Required work:
Extract the lines from the first one in the records below through the line containing "Alina Marzi leaked photo #14", keeping both ends and leaving out any pictures.

Records:
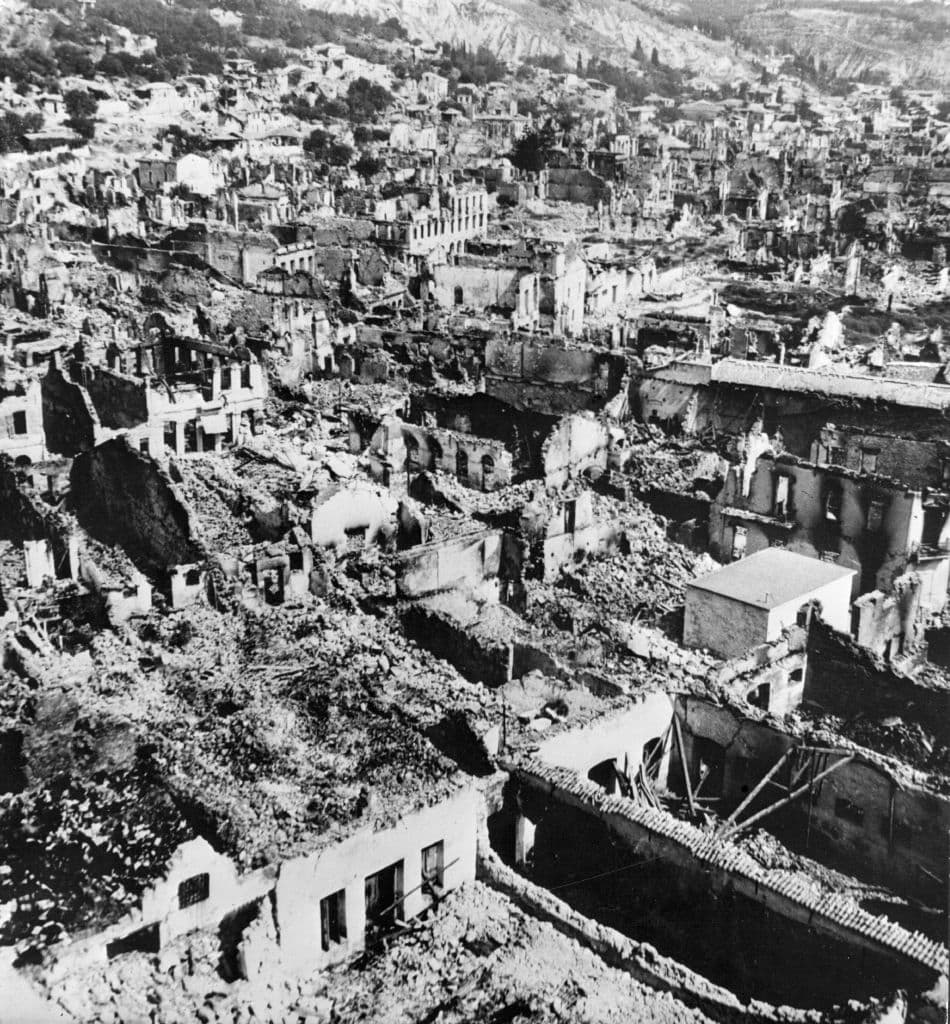 El 19 de agosto de 1953 un potente terremoto afecto a la zona de Zante en Grecia donde cientos de personas perdieron la vida.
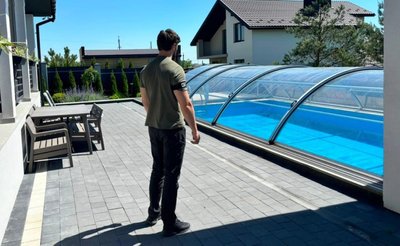 Обшук, архітектура, підозра Обшук, архітектура, підозра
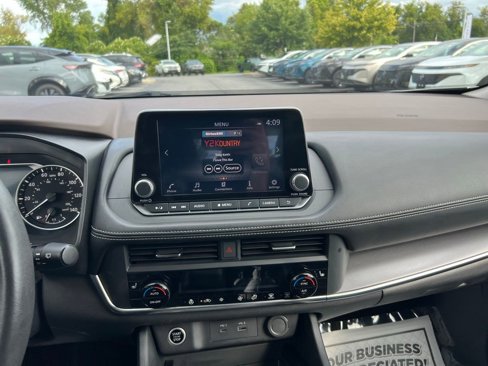 Used 2023 Nissan Rogue SV w/ SV Premium B Package image 28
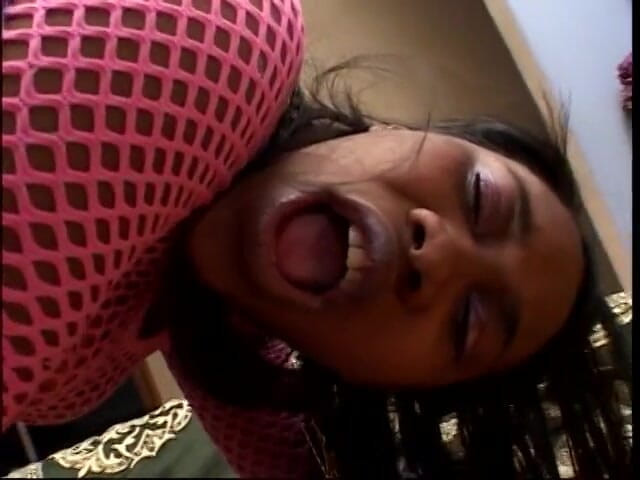 Cumming Soon: Une black en résille se fait raser la chatte avant...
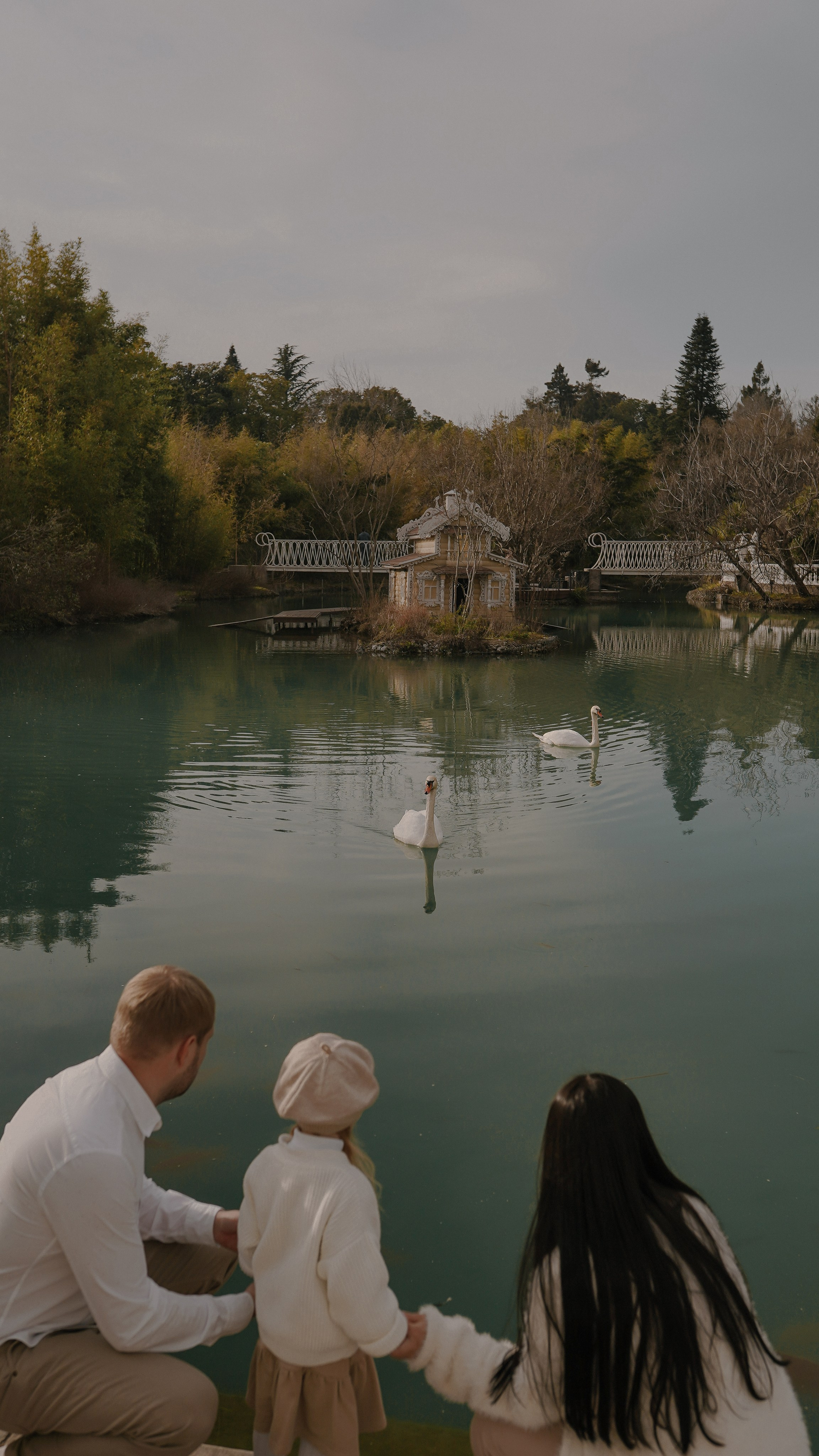 ЦВЕТЕНИЕ. Милана Довгаль - семейный фотограф и видеограф  в Адлере и Сочи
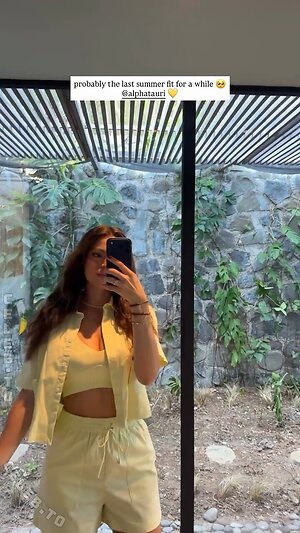 Alina Marzi leaked photo #14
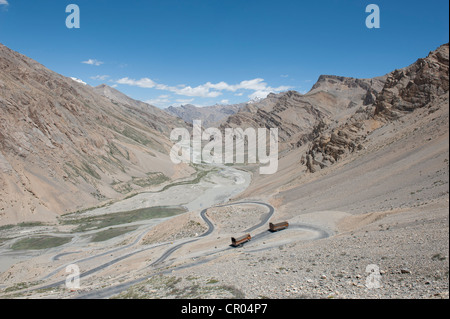 Leh-Manali Highway, une route de montagne, deux camions Tata la route jusqu'à la route sinueuse à la Bara-lacha la col de montagne, 4830 m Banque D'Images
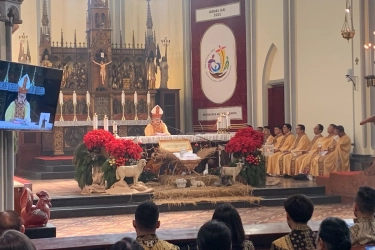 Khidmat dan Hangat, Suasana Misa Pontifikal di Gereja Katedral Jakarta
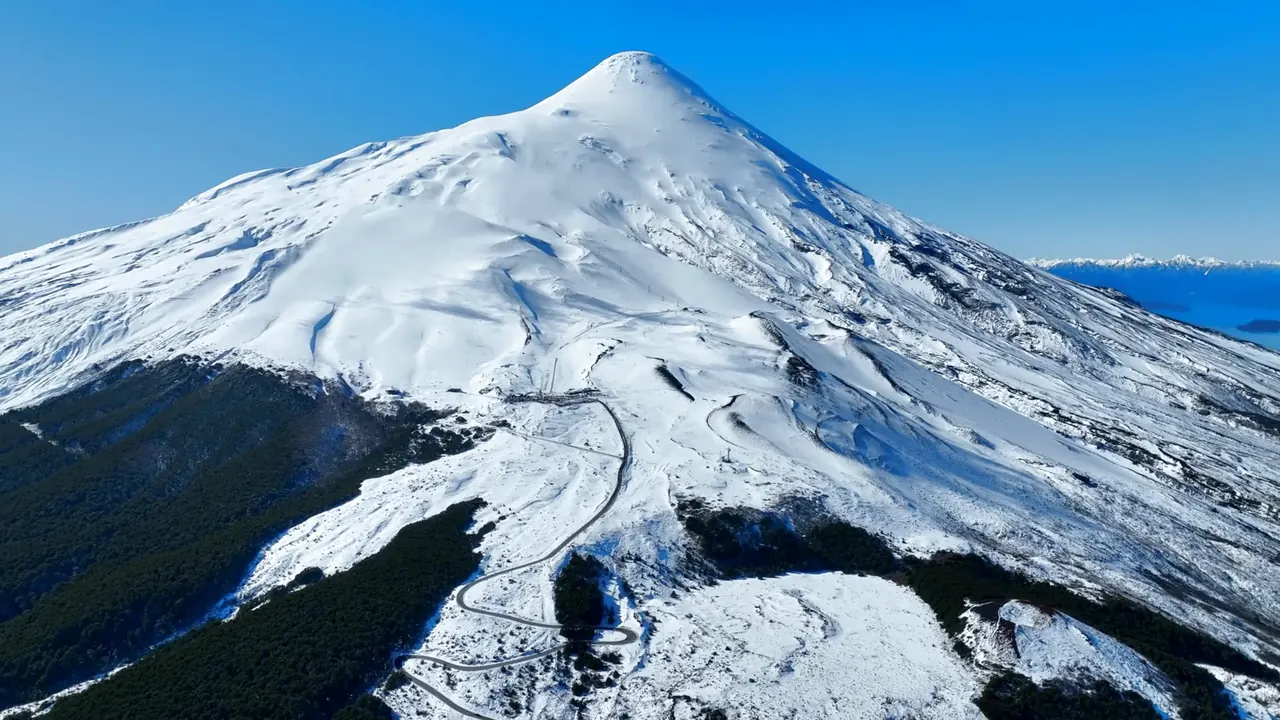 Volcán Osorno con su cono nevado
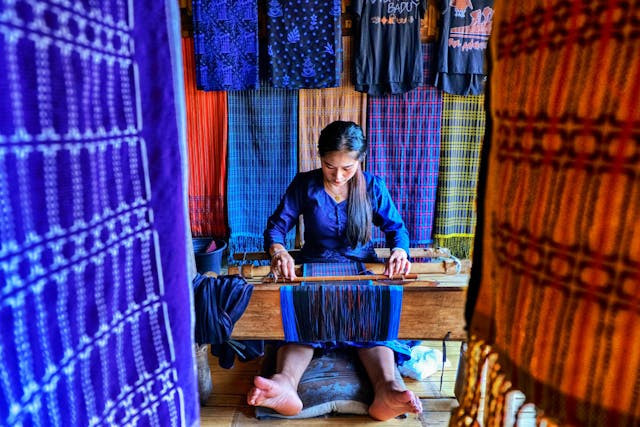 Proses pembuatan Tenun Baduy oleh masyarakat Baduy. Sumber foto: pexels.com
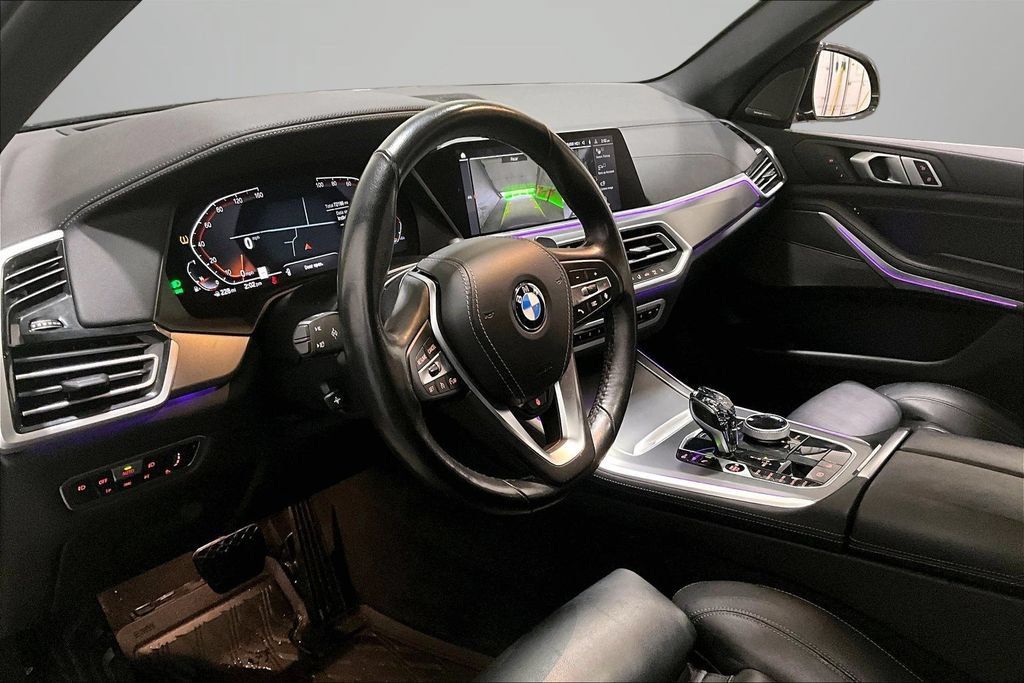 Used 2021 BMW X5 xDrive40i AWD/4WD image 17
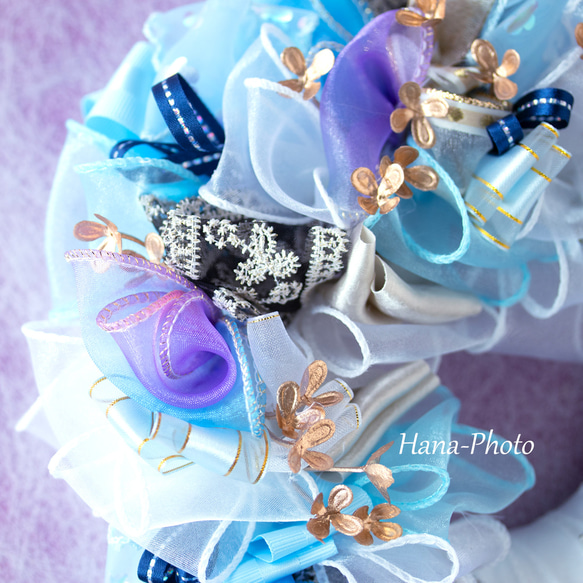 新作＞ブルーとホワイトのブルークリスマスのリボン・リース  　　 リース台：約15㎝ (523) 8枚目の画像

Task result:
 El 19 de agosto de 1953 un potente terremoto afecto a la zona de Zante en Grecia donde cientos de personas perdieron la vida.
 Обшук, архітектура, підозра Обшук, архітектура, підозра
 Used 2023 Nissan Rogue SV w/ SV Premium B Package image 28
 Cumming Soon: Une black en résille se fait raser la chatte avant...
 ЦВЕТЕНИЕ. Милана Довгаль - семейный фотограф и видеограф  в Адлере и Сочи
 Alina Marzi leaked photo #14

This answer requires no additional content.